New MRI Imaging Technique Can Diagnose Early Stage Parkinson's
By MedImaging International staff writers Posted on 18 Jul 2022 |

Parkinson's is a progressive and debilitating disease of the brain that eventually compromises patients' ability to walk and even to talk. Its diagnosis is complex, and in the early stages – impossible. The usual method of visualizing brain structure utilizes a technique most of us are familiar with, called MRI. However, it is not sensitive enough to reveal the biological changes that take place in the brain of Parkinson patients, and at present is primarily only used to eliminate other possible diagnoses. Now, researchers have realized that the cellular changes in Parkinson's could possibly be revealed by adapting a related technique, known as quantitative MRI (qMRI).
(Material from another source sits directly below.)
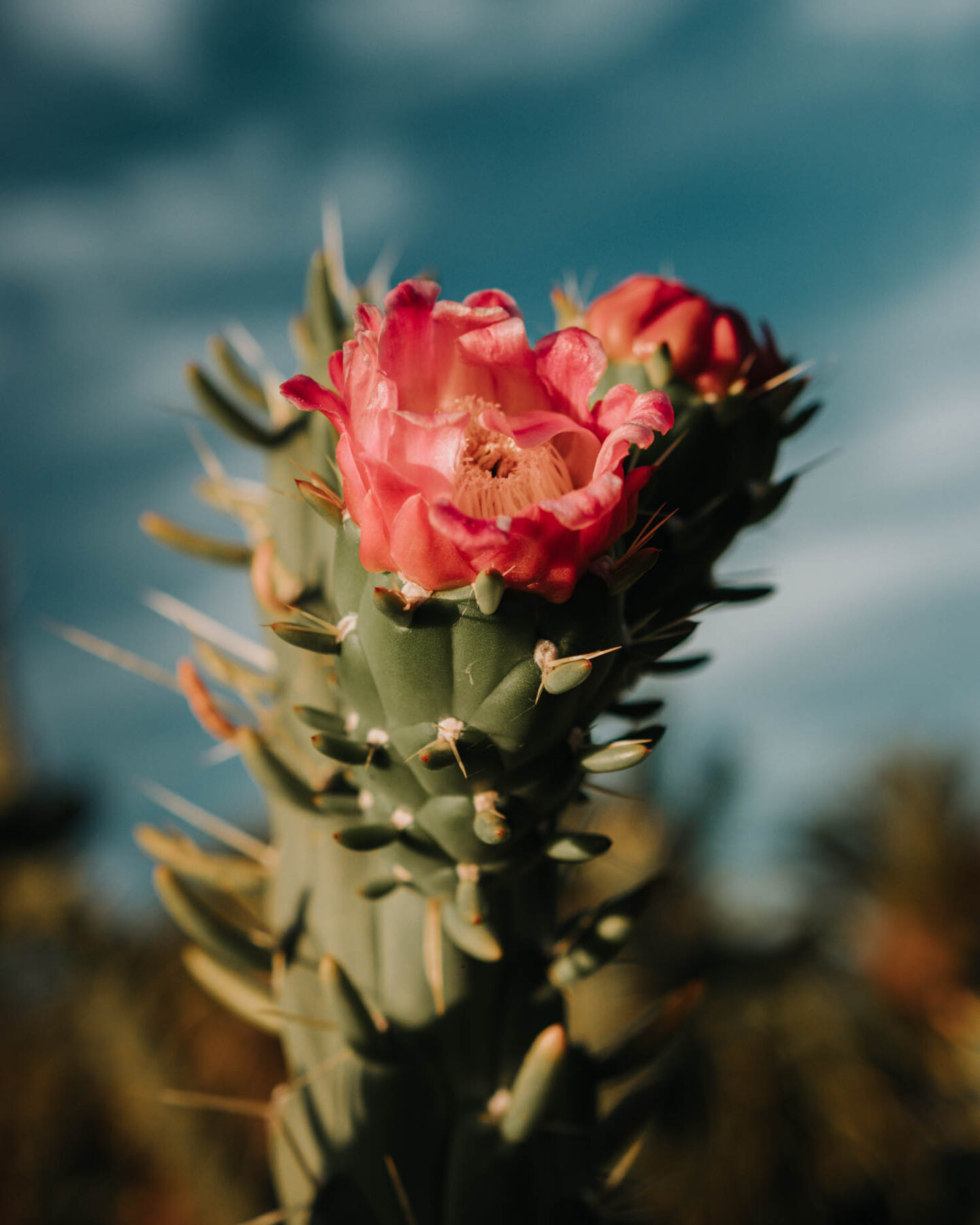 cacti with a flower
The method has enabled researchers at The Hebrew University of Jerusalem (Jerusalem, Israel) to look at microstructures within the part of the deep brain known as the striatum – an organ which is known to deteriorate during the progress of Parkinson's disease. Using a novel method of analysis developed by the team, biological changes in the cellar tissue of the striatum were clearly revealed. Moreover, they were able to demonstrate that these changes were associated with the early stages of Parkinson's and patients’ movement dysfunction.
qMRI achieves its sensitivity by taking several MRI images using different excitation energies – rather like taking the same photograph in different colors of lighting. The researchers were able to use their qMRI analysis to reveal changes in the tissue structure within distinct regions of the striatum. The structural sensitivity of these measurements could only have been previously achieved in laboratories examining the brain cells of patients post mortem. This is not an ideal situation for detecting early disease or monitoring the efficacy of a drug.
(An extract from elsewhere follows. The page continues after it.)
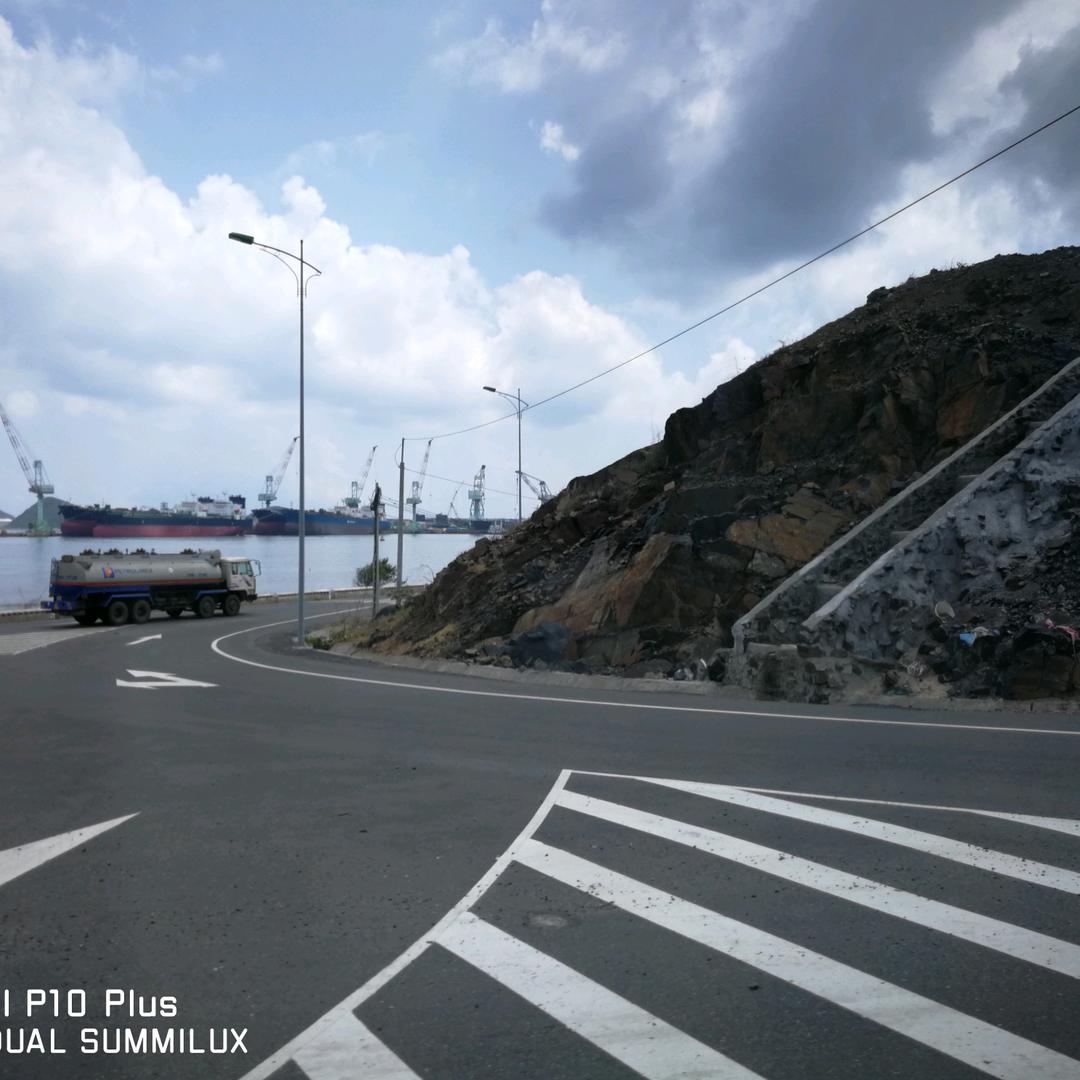 奶豆是个小胖球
The new information will facilitate early diagnosis of the disease and provide "markers" for monitoring the efficacy of future drug therapies. The researchers now plan to extend the technique to investigate microstructural changes in other regions of the brain. Furthermore, the team is now developing qMRI into a tool that can be used in a clinical setting and could be ready about 3-5 years down the line. The researchers further suggest that this type of analysis will enable identification of subgroups within the population suffering from Parkinson’s disease – some of whom may respond differently to some drugs than others.
"When you don't have measurements, you don't know what is normal and what is abnormal brain structure, and what is changing during the progress of the disease," explained Professor Aviv Mezer who led the team of researchers. “What we have discovered is the tip of the iceberg.” Ultimately, he sees this analysis “leading to personalized treatment, allowing future discoveries of drug with each person receiving the most appropriate drug.”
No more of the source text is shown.